Let p = 2i + j + 3k and q = i - j + k. If for some real numbers α, β and γ, we have

Question

Let \(\vec{p}=2 \hat{i}+\hat{j}+3 \hat{k}\) and \(\vec{q}=\hat{i}-\hat{j}+\hat{k}\). If for some real numbers \(\alpha, \beta\) and \(\gamma\), we have \(15 \hat{i}+10 \hat{j}+6 \hat{k}=\alpha(2 \vec{p}+\vec{q})+\beta(\vec{p}-2 \vec{q})+\gamma(\vec{p} \times \vec{q})\), then the value of \(\gamma\) is ______.

Answer 1

Correct answer: 2

\(2 \vec{p}+\vec{q}=5 \hat{i}+\hat{j}+7 \hat{k}\)

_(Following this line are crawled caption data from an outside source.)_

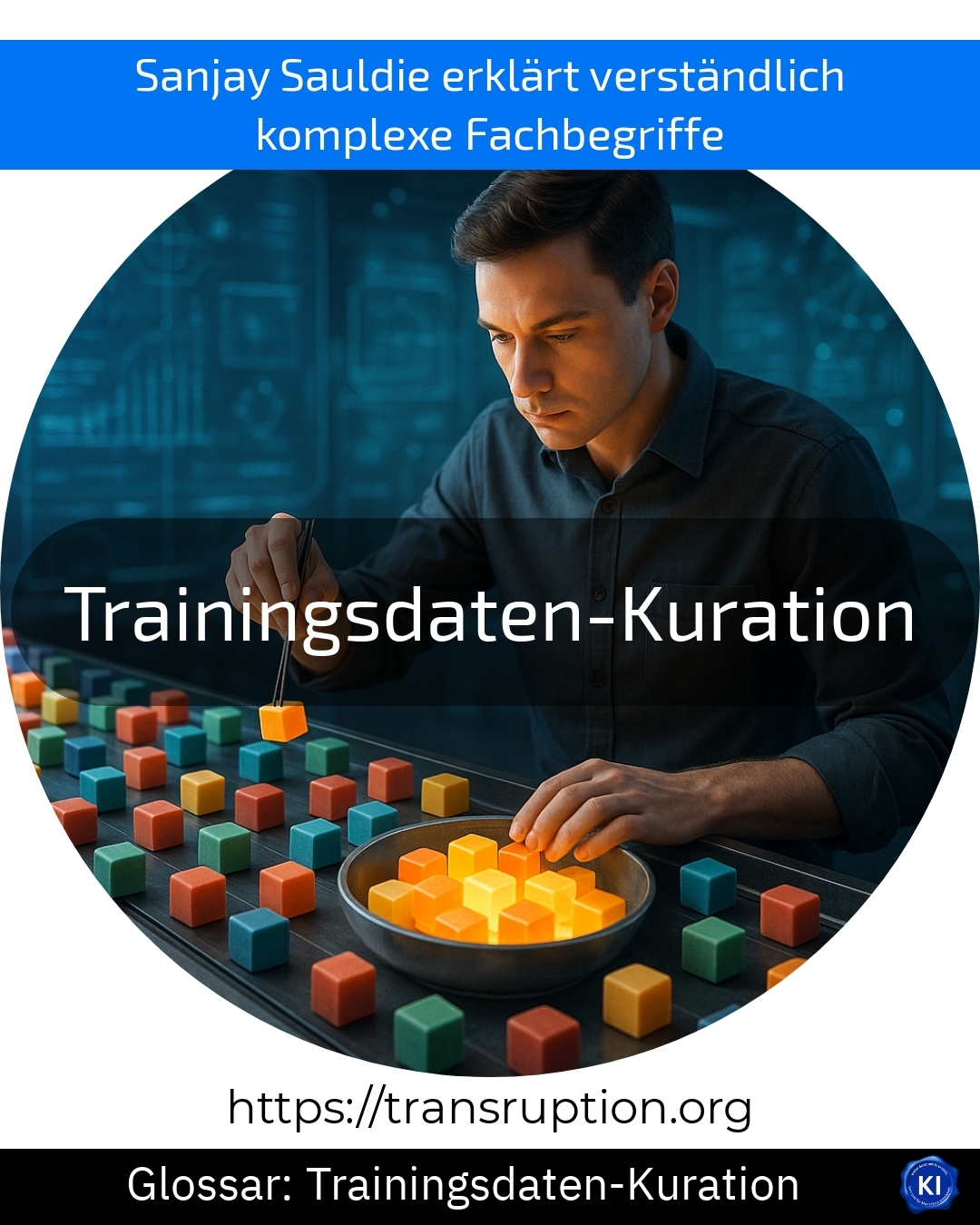 Trainingsdaten-Kuration (Glossar) 4.4 (645)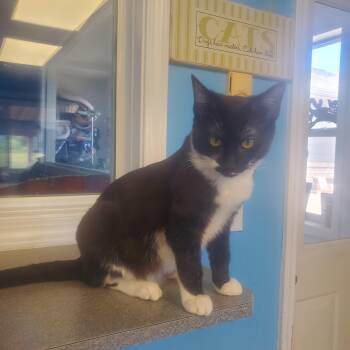 Domestic Short Hair Cats Available for Adoption in Polson, Montana - Gordon | PetCurious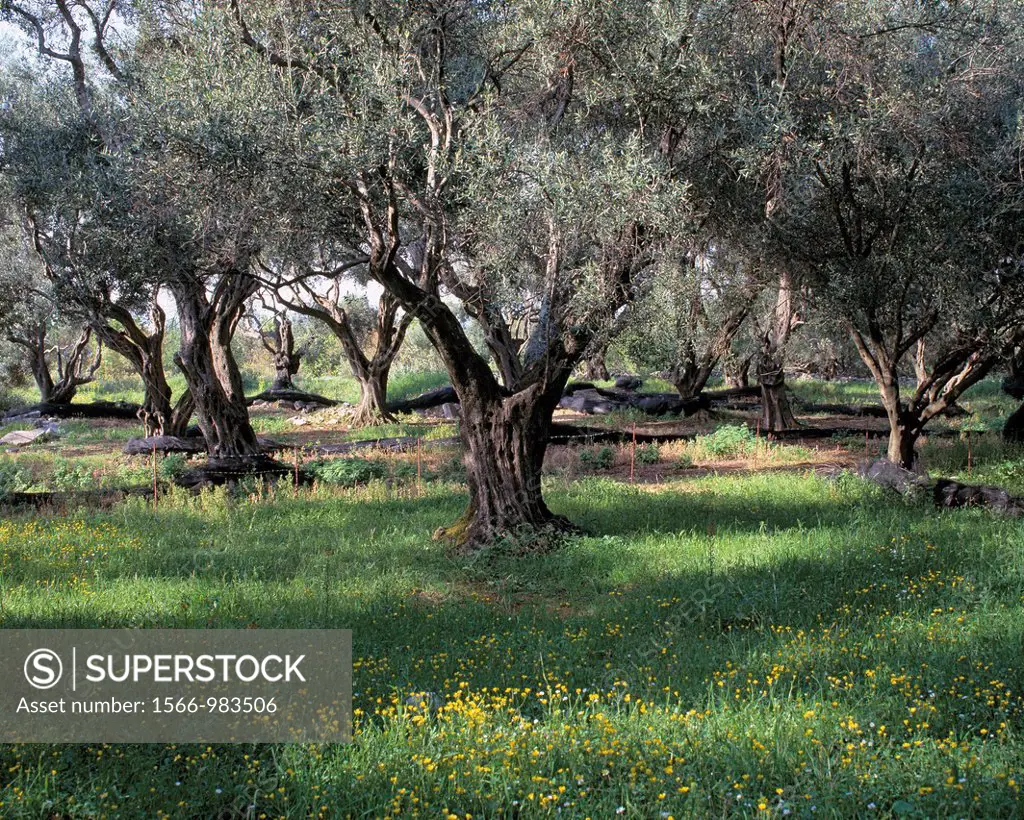 nature, plant life, olive grove, olive trees, Olea europaea, Greece, Ionian Islands, Corfu
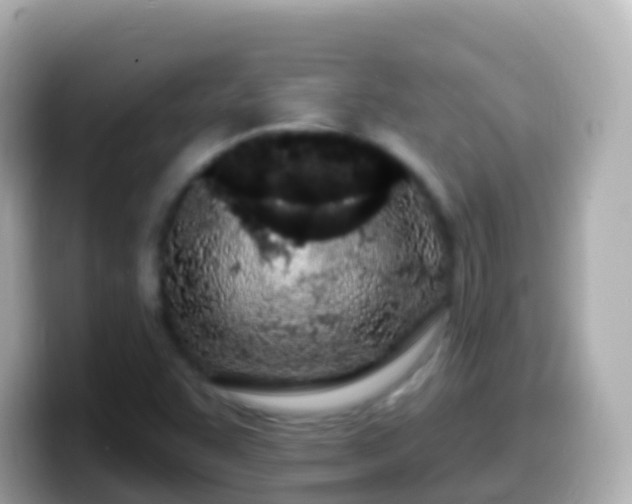 X0000099581455200805231541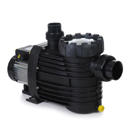 Speck Badu Pumps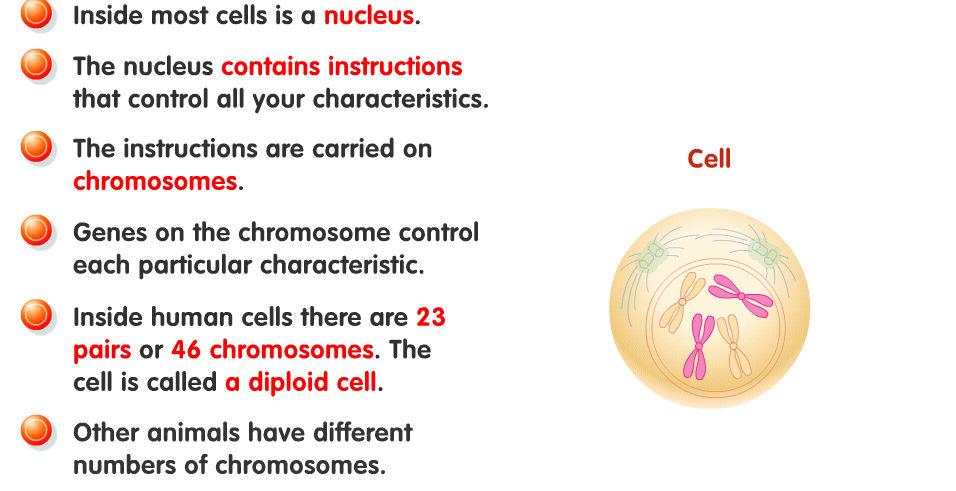 Biology Form 5 Page 20 Ms. R. Buttigieg Alleles as alternative forms of a gene. A human egg cell and a human sperm cell both contain 23 single chromosomes.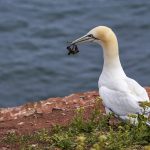 Basstölpel (Morus bassanus)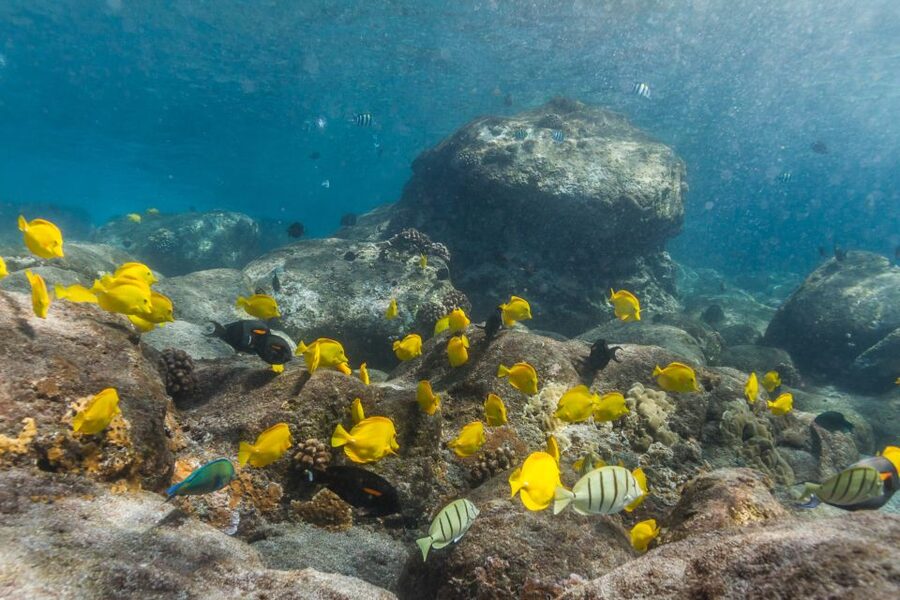 Maui: Lanai Snorkel & Dolphin Watch with Lunch - The crossing to Lanai is part wildlife cruise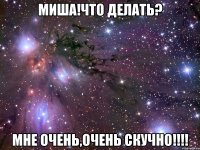 миша!что делать? мне очень,очень скучно!!!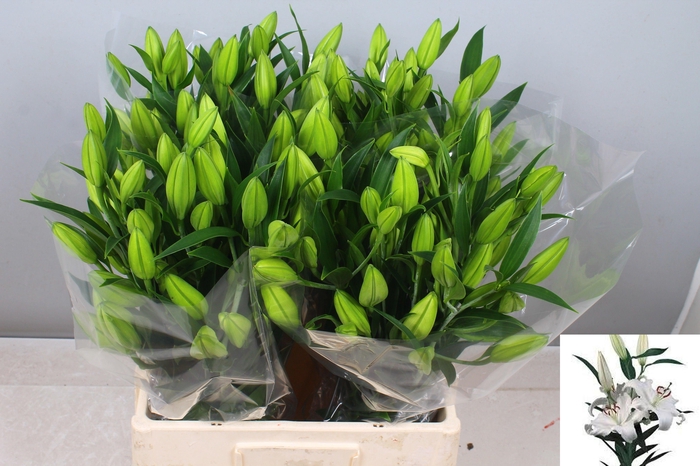 <h4>LI OR SANTANDER</h4>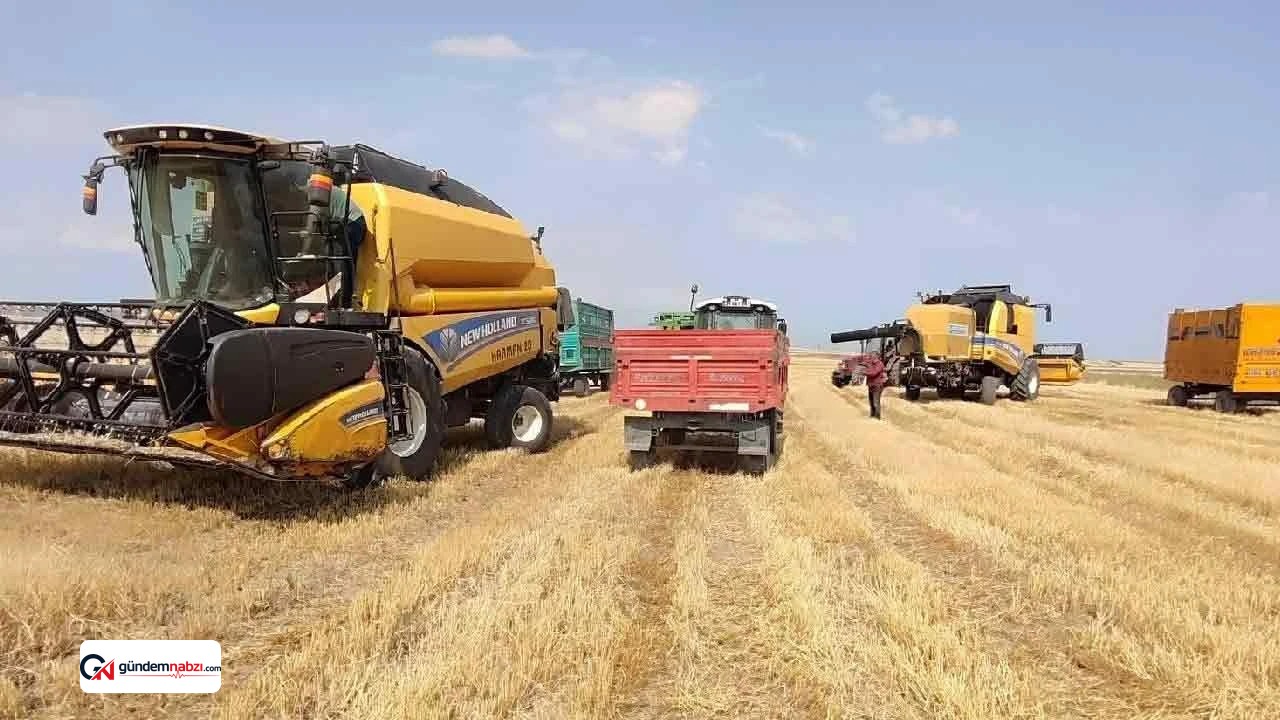 Avrupa Birliği'nden Türk tarım ürünlerine sıkı gıda denetimi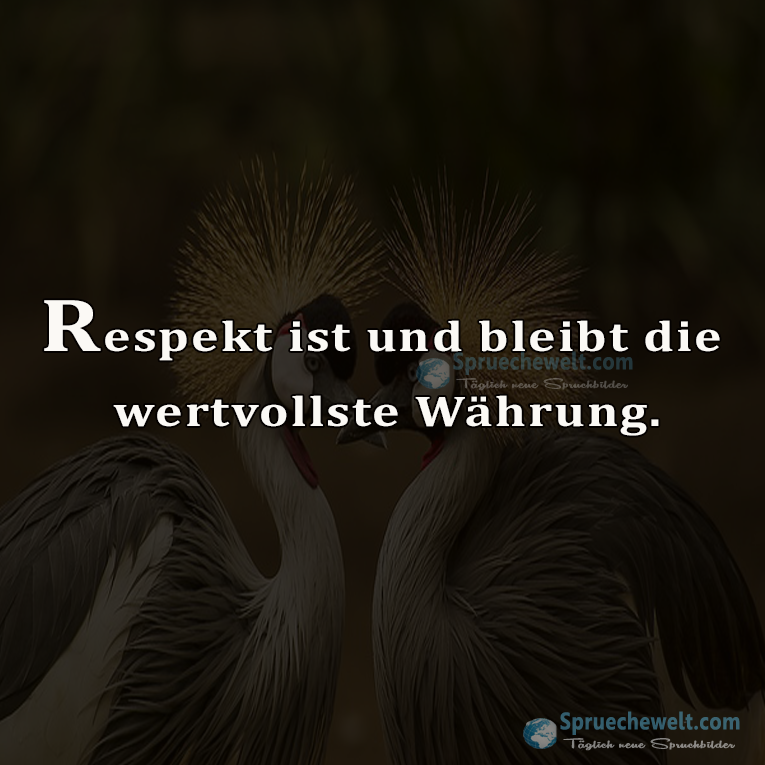 Respekt ist und bleibt die wertvollste Waehrung.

\(\vec{p}-2 \vec{q}=0 \hat{i}+3 \hat{j}+\hat{k} \)

\(\vec{p} \times \vec{q}=\left|\begin{array}{ccc} \hat{i} & \hat{j} & \hat{k} \\ 2 & 1 & 3 \\ 1 & -1 & 1 \end{array}\right|=\hat{i}(4)-\hat{j}(-1)+\hat{k}(-3)\)

\(=4 \hat{i}+\hat{j}-3 \hat{k}\)

\(15 \hat{i}+10 \hat{j}+6 \hat{k}=\alpha(5 \hat{i}+\hat{j}+7 \hat{k})+\beta(3 \hat{j}+\hat{k})+\gamma(4 \hat{i}+\hat{j}-3 \hat{k})\)

\( \therefore 15=5 \alpha+4 \gamma \)

\( 10=\alpha+3 \beta+\gamma\)

\(6=7 \alpha+\beta-3 \gamma \)

\(\therefore \alpha=\frac{7}{5}, \beta=\frac{11}{5}, \gamma=2\)

\(\therefore \gamma=2\)